What the rest of government can learn from DISA's RPA pilot

The Defense Information Systems Agency found that greater numbers of specialized bots could give it more flexibility in addition to saving time and increasing accuracy.

The Department of Defense is in the midst of an audit that requires it to have its 2017 financial statements ready and reviewable. For an agency with a budget topping $500 billion, this is a massive task.

The preparation process is time consuming, according to Barbara Crawford, the chief of the Defense Information Systems Agency’s Accounting and Readiness Division.

“We have a multitude of systems in DOD, and our folks were having to go into each of them and pull out specific information … before we could even start the analysis we needed to support the audit,” she said in an interview.

DISA starting looking for help from robotic process automation, which mimics and automates the highly repetitive tasks humans do on a computer or network. Last year, DISA piloted a few bots that automated different steps in the audit process. It celebrated the pilot's conclusion with a human-vs-bot race to pull documents required for an audit. In 15 minutes, the human pulled two items, while the bot pulled 150.
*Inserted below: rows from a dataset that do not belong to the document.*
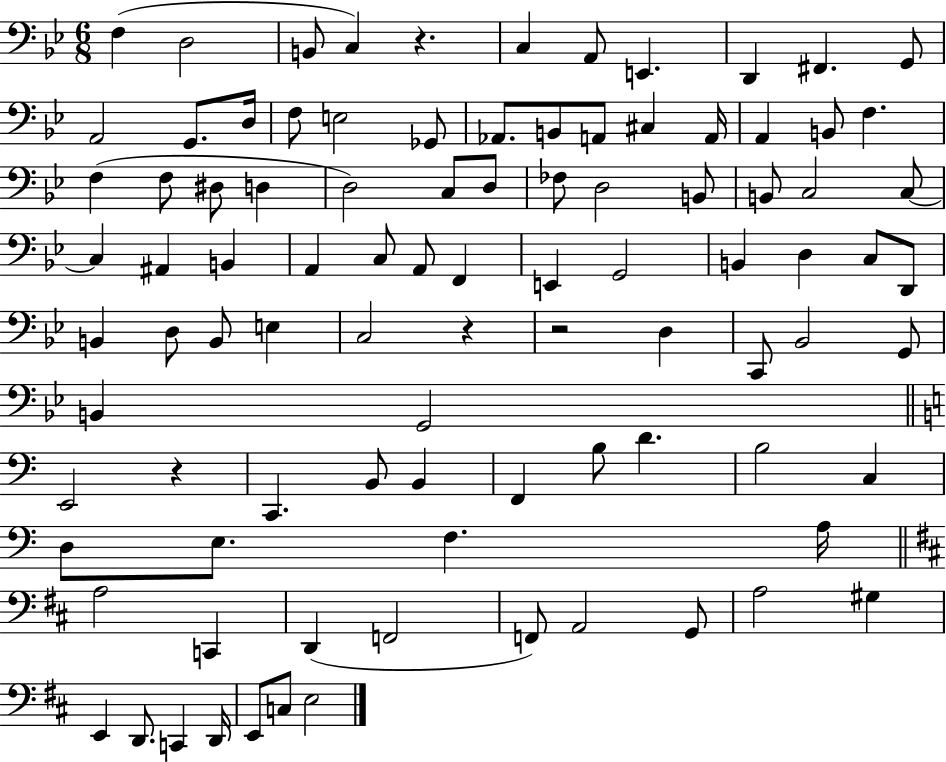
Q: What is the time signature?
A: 6/8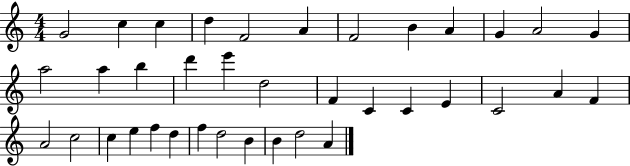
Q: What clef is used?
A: treble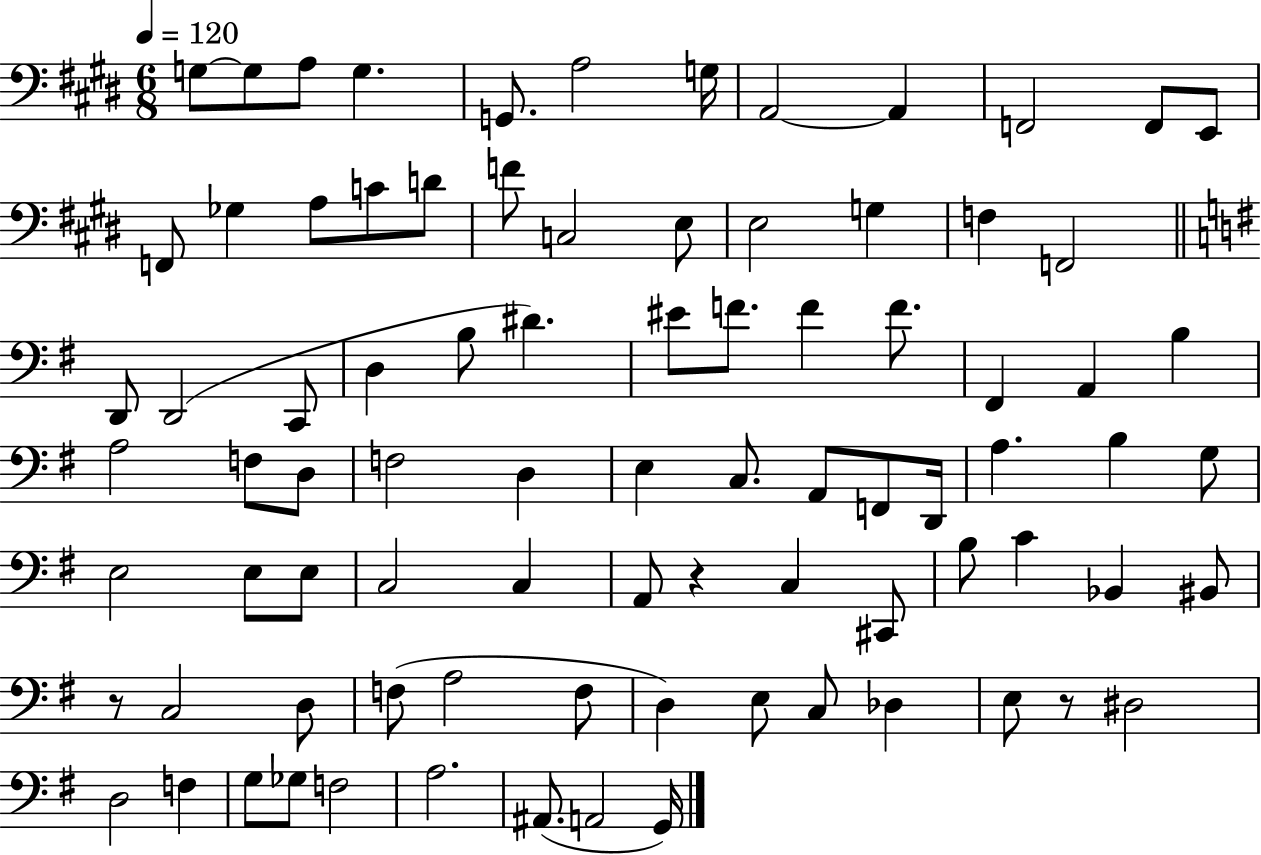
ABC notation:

X:1
T:Untitled
M:6/8
L:1/4
K:E
G,/2 G,/2 A,/2 G, G,,/2 A,2 G,/4 A,,2 A,, F,,2 F,,/2 E,,/2 F,,/2 _G, A,/2 C/2 D/2 F/2 C,2 E,/2 E,2 G, F, F,,2 D,,/2 D,,2 C,,/2 D, B,/2 ^D ^E/2 F/2 F F/2 ^F,, A,, B, A,2 F,/2 D,/2 F,2 D, E, C,/2 A,,/2 F,,/2 D,,/4 A, B, G,/2 E,2 E,/2 E,/2 C,2 C, A,,/2 z C, ^C,,/2 B,/2 C _B,, ^B,,/2 z/2 C,2 D,/2 F,/2 A,2 F,/2 D, E,/2 C,/2 _D, E,/2 z/2 ^D,2 D,2 F, G,/2 _G,/2 F,2 A,2 ^A,,/2 A,,2 G,,/4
One of the pilot bots pulled supporting documentation to help analysts determine the cost of different assets. The bot would tap into various systems, including accounting, contracting, vendor invoice storage and workflow management for the required data.  Because the pilot bot was designed to collect and organize data from several specific systems, analysts who needed only part of information – just invoices, for example -- had to manually extract what they needed. 

One lesson DISA learned from the RPA pilot was that segmenting the bot programs into discrete tasks could increase the efficiency of a process.

“We have discovered that we could actually take some of the processes we developed, and if we broke them up into smaller processes they would be more useful to us,” Crawford  said.

By having a bot that worked only with accounting system or vendor invoices would allow for more flexibility, she added.

The bots at DISA are currently running at night on laptops, so information is waiting for people in the morning. But DISA is looking at moving them into a more unattended setting on the network.

The agency also wants to give the bots their own credentials – in the pilot the bot worked under the derived credentials of a human employee. Getting individual credentialing for the bots is “one of our primary objectives as we expand this program” and will allow the bots to run on their own … but "it is a heavy lift,” Crawford said.

“We’re relying heavily on our risk management folks to make sure that whatever we put in place has the appropriate security in it and around it," she said. "Obviously, we don’t want to create a problem with this process.”